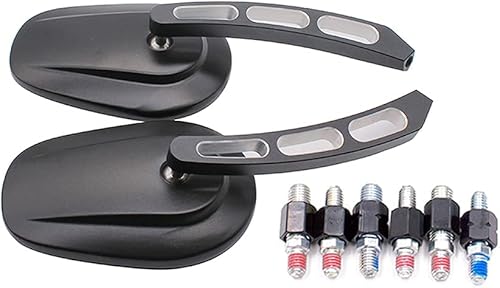 Miniatura 4 de Espejos de motocicleta negro ovalado retrovisor universal 0.315 in 0.394 in espejo lateral para Honada Suzuki Cruiser Chopper Yamaha Kawasak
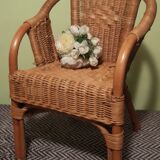Rattan/wicker armchair for children - vintage 1970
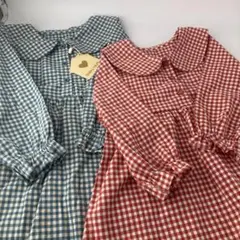 女の子　長袖　ワンピース　襟　ウサギ　baby nest 110 90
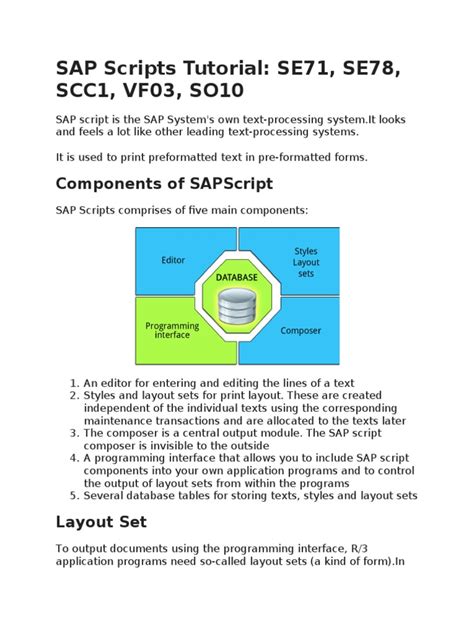 SAP Scripts Tutorial: SE71, SE78, SCC1, VF03, SO10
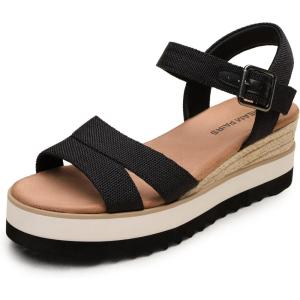 DREAM PAIRS Wedge Sandals for Women Espadrille Platform Sandals Open Toe Ankle Strap Low Wedges Heel Comfortable Sandals for Summer(Black)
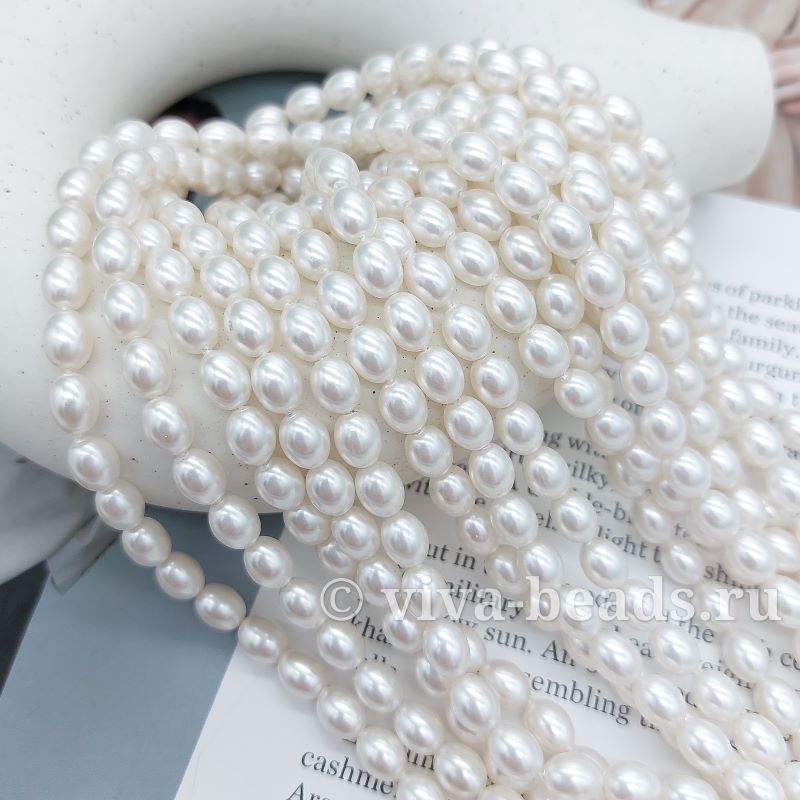 Нить 19 см Жемчуг Майорка рис 6х8 мм белый (7455) купить в Воронеже | Заказать в интернет-магазине Viva Beads
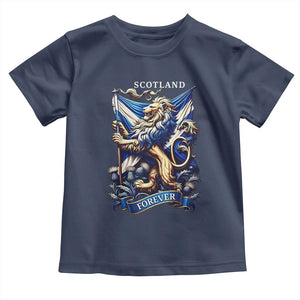 Scotland Forever Majestic Lion Rampant Holding Saltire Flag With Thistles Graphic Toddler T Shirt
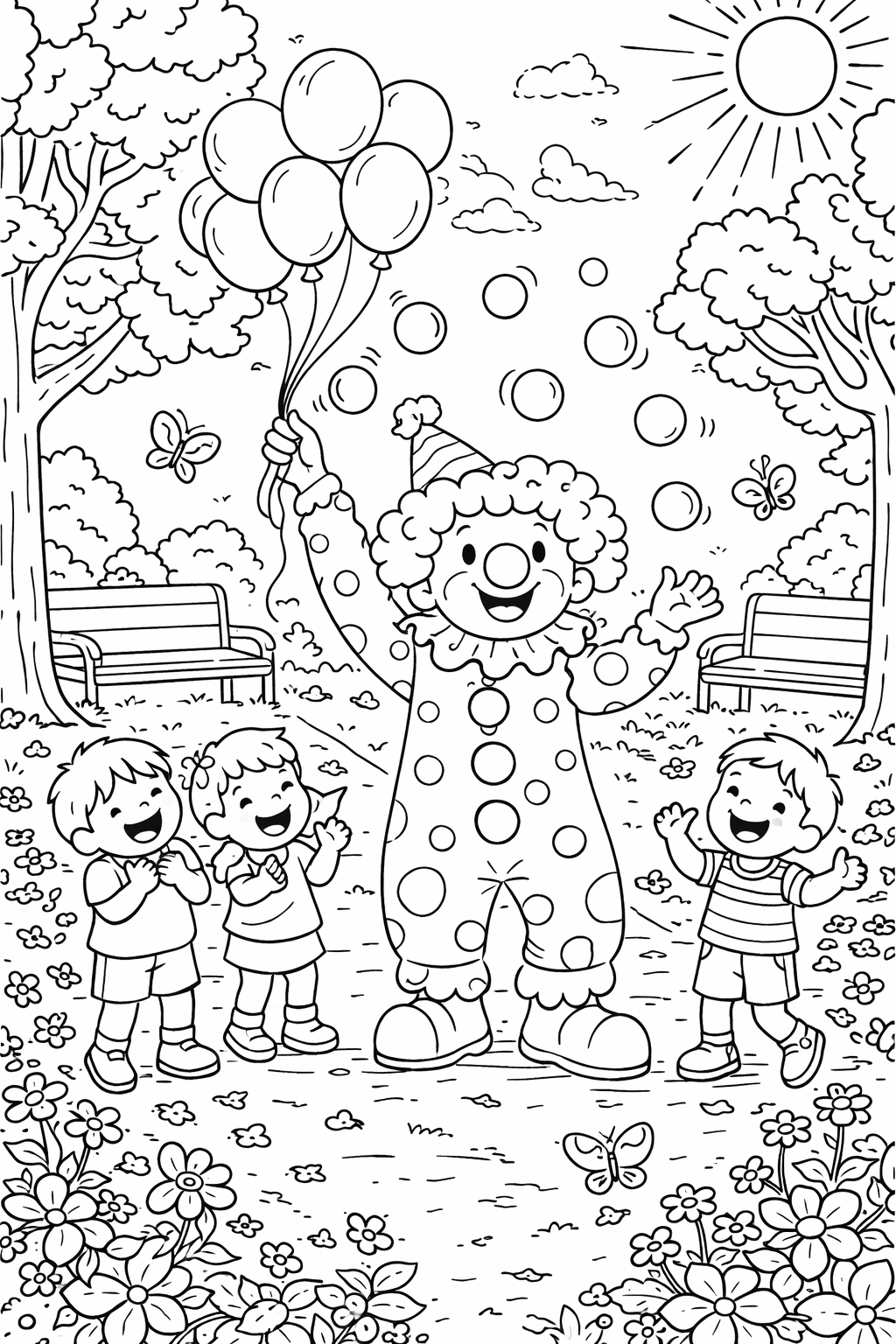 A cheerful clown entertaining three smiling children with balloons and bubbles in a sunny park surrounded by flowers and butterflies.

__________

• [YOUR TASK]:
All lines from the one containing "SAP Scripts Tutorial: SE71, SE78, SCC1, VF03, SO10" through the final line of the entries above must be restated word for word, pictures excluded.

• [THE ANSWER]:
 SAP Scripts Tutorial: SE71, SE78, SCC1, VF03, SO10
 DREAM PAIRS Wedge Sandals for Women Espadrille Platform Sandals Open Toe Ankle Strap Low Wedges Heel Comfortable Sandals for Summer(Black)
 Нить 19 см Жемчуг Майорка рис 6х8 мм белый (7455) купить в Воронеже | Заказать в интернет-магазине Viva Beads
 Scotland Forever Majestic Lion Rampant Holding Saltire Flag With Thistles Graphic Toddler T Shirt
 A cheerful clown entertaining three smiling children with balloons and bubbles in a sunny park surrounded by flowers and butterflies.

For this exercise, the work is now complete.